Rebecca Kirk, a publisher at PLOS, asked if it’s possible to be disruptive when the researcher world is stuck in the traditional reward system. Echoing the keynote address from Elizabeth Gadd of Loughborough University, Kirk contended that publishers will have trouble changing that reward system unless we can produce different metrics to help change the evaluation process. The industry should be measuring how research is making a difference in the world and should decentralize science.

Philipp Koellinger, Co-founder of DeSci Labs, weighed in on Kirk’s call for a disruption in metrics noting that publishers have a role in curation and validation of science, and because of this role publishers control the metrics that Researchers need for their career success. Publishers need to think about what they are rewarding and what criteria are they using when selecting the studies to publish. Koellinger is motivated by the reproducibility crisis. Replication is important, we need to trust the results of science and we need clear signals for quality.

Rapple agreed with the need to disrupt the evaluation process stating that publishers need to take action on research evaluation. Citations are the current means of metrics, but publishers need to keep in mind that there are many initiatives looking to change that.

A question was posed by an audience member, “With the hollowing out of technical prowess in many publishing organizations, publishers look to outside partners. How do you prioritize which disruptive path you go on?”

Nicholson responded that technology can actually be the easy part, it’s showing the benefits of the new idea that is really important. Start-ups and tech firms get the talent because they are working on an interesting problem. However, those organizations need to understand the traditions of the industry they are in and work within them. The change you are making has to be compelling. There was general agreement with these sentiments among the panel.

Onwuchekwa then asked, “What stops you from engaging in disruption?”

Rapple responded that when things start to change people start to freak out. People turn to what they are already doing and double down on what they already are doing. We need to bring people along with change. You need to continue doing what is making your company successful while being open to experimentation. You need to put aside 20% of your time and resources in to exploring new things.

Another question from the audience challenged Koellinger’s contention that publishers are responsible for setting the agenda, pointing out that editors and editorial boards are responsible for this.

Koellinger editors do have discretion. The journal focus on novelty is a problem, it comes at the expense of the robustness of the knowledge, and there needs to be new tools and new incentives. The editors need to support reproducibility.

Nicholson took up the charge for new tools and incentives noting that scite is helping to change how citations are used because scite shows qualitative information for references, revealing if citations are supportive, non-supportive or even retracted.
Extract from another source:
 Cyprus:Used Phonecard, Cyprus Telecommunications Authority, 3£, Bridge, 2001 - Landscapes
The changes feel slow but it has to be because we are dealing with important research that effects lives. I all ideas were implemented it would be chaos.
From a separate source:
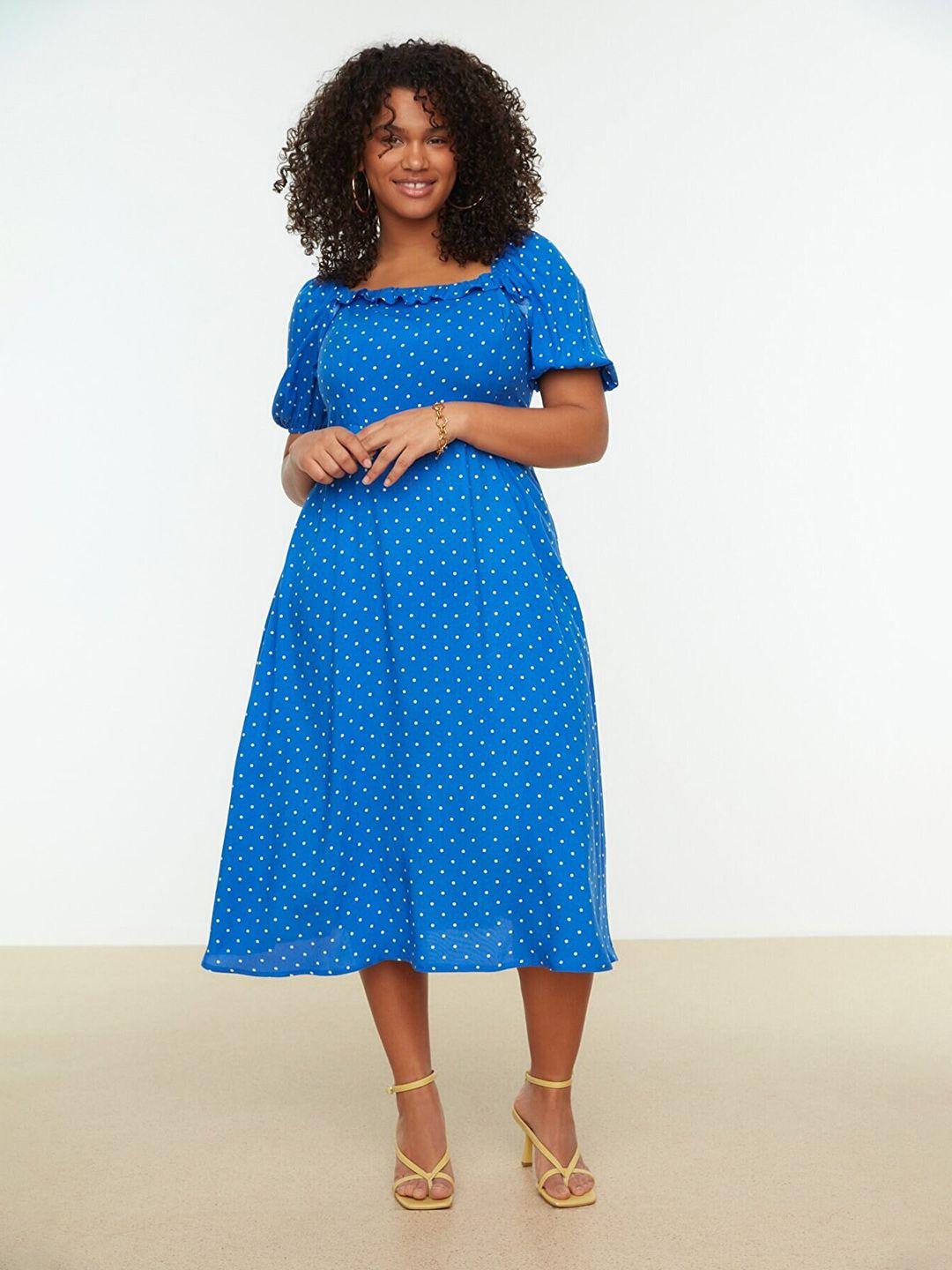 trendyol plus size polka dot print fit & flare midi dress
The panel wrapped up discussing how oftentimes innovative projects are the purview of a small, exclusive team and are not visible to the entire organization. How can you get an entire organization to be innovative?  It was also noted that disruptive tools and services often get acquired by larger commercial organization, and there is a tendency for disruption to go away because in is not valued by the larger organization. Disruption and innovation is threatening to people who are not directly involved. You need to make the entire organization part of the innovation instead. Don’t’ talk about the innovators as “them”, talk about them as “we”.